To implement salt water electrodes, syringes are filled with the 5 M NaCl solution and inserted into custom acrylic clamps (Fig 1a.) The acrylic clamps apply a constant pressure to the salt solution via a screw pushing on the syringe plunger. The syringes are connected to the device electrode via a 27 gauge needle and polyethylene tubing. The tubing has an inner diameter of 380 μm for a resistance of 4 kΩ/cm, and alligator clips connected to an exposed section of the syringe needle provide electrical contact. A metal wire inserted into the inlet of a channel pre-filled with salt solution will also work as a lead. The driving bias is generated by a low-cost lamp inverter (Digikey, BXA-12579) when a constant 20 kHz signal up to 1500 V is needed, or by a high-voltage amplifier (Trek, 609E-6) when a higher-frequency signal is required. We often incorporate two electrodes into the device, one for the high-voltage signal (Fig 1a, orange electrode) and one for a ground (Fig 1a, blue electrode). The grounded “moat” channel, seen more clearly in the inset, surrounds both the high-voltage electrode and the other inlets to prevent stray fields from inadvertently merging or otherwise affecting droplets at other locations on the device.
Fig. 1.
(a) Photograph of salt water electrode setup, showing pressurized and biased leads inserted into the device (inset). (b) Channel filling with salt water (light gray) and displacing air (dark gray) over 10 s from top image to bottom. (c) Similar filling in a more complicated electrode geometry.
A benefit of the salt water electrode is that, because salt water is liquid at room temperature, it can be introduced into the channel via a pressurized syringe.
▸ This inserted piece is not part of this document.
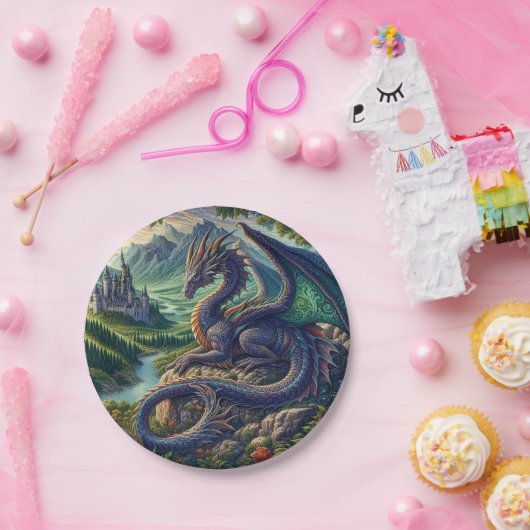 Kleurrijk, middeleeuws Drakenkasteel Papieren Bordje (Feest)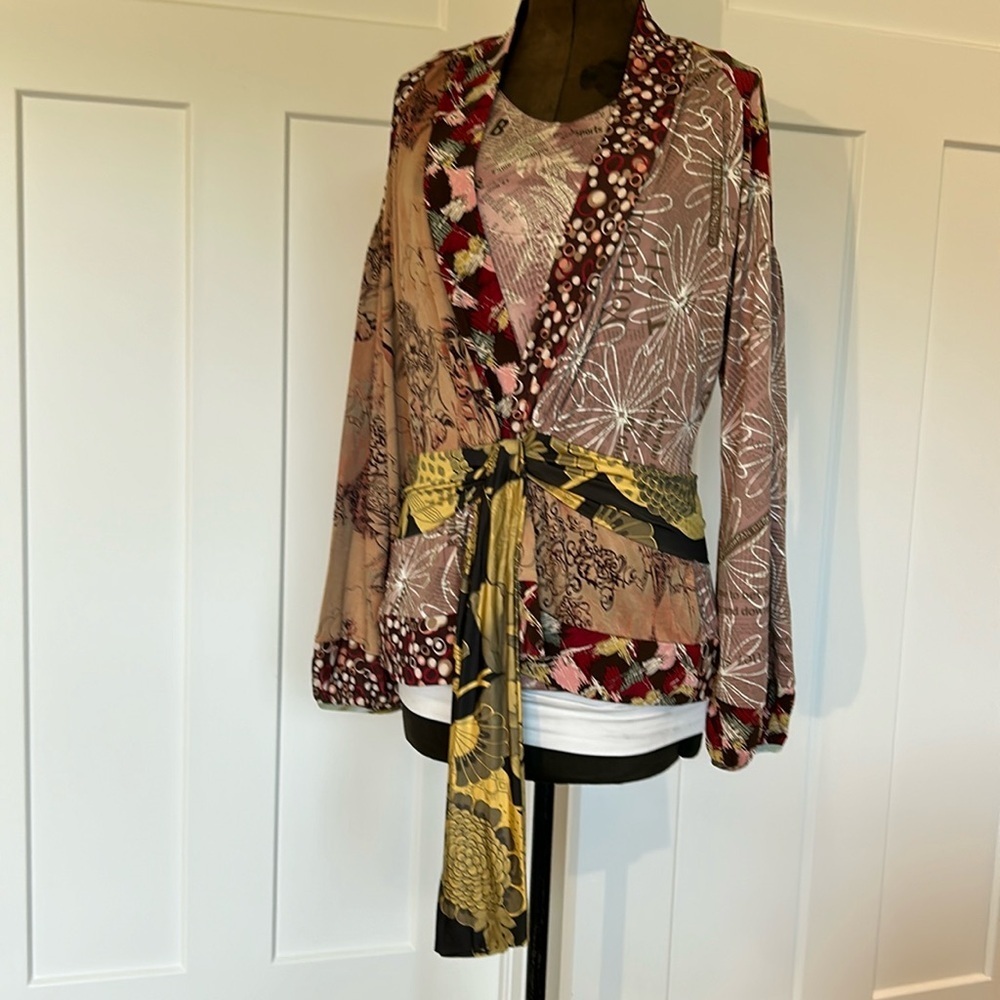 2 piece Tank top and belted over jacket “nothing matches” newspaper print fabric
When coupled with the gas permeability of PDMS devices21, this enables simple electrode filling and the fabrication of electrodes lacking flow outlets – geometries difficult to achieve with molten solder techniques. The pressurized salt water forces the air initially in the electrode channel into the surrounding PDMS walls, resulting in a fully-filled, air-free electrode. The filling of an electrode with this method is depicted in the progression shown in Figs. 1b and 1c, where each figure shows an electrode in mid fill (top) and ten seconds later, fully filled (bottom). The rate at which the air is absorbed increases with a larger surface-to-volume ratio, so that narrower channels fill faster, as is evident in Fig. 1c. Care must be taken when filling electrodes this way because, for a few minutes after pressurizing, the displaced air in the PDMS can diffuse back into the electrode channel or into neighbouring PDMS channels that are at a lower pressure. For longer channels, like the moat in Fig. 1a, it is helpful to include a flow outlet so that the air can be displaced rapidly.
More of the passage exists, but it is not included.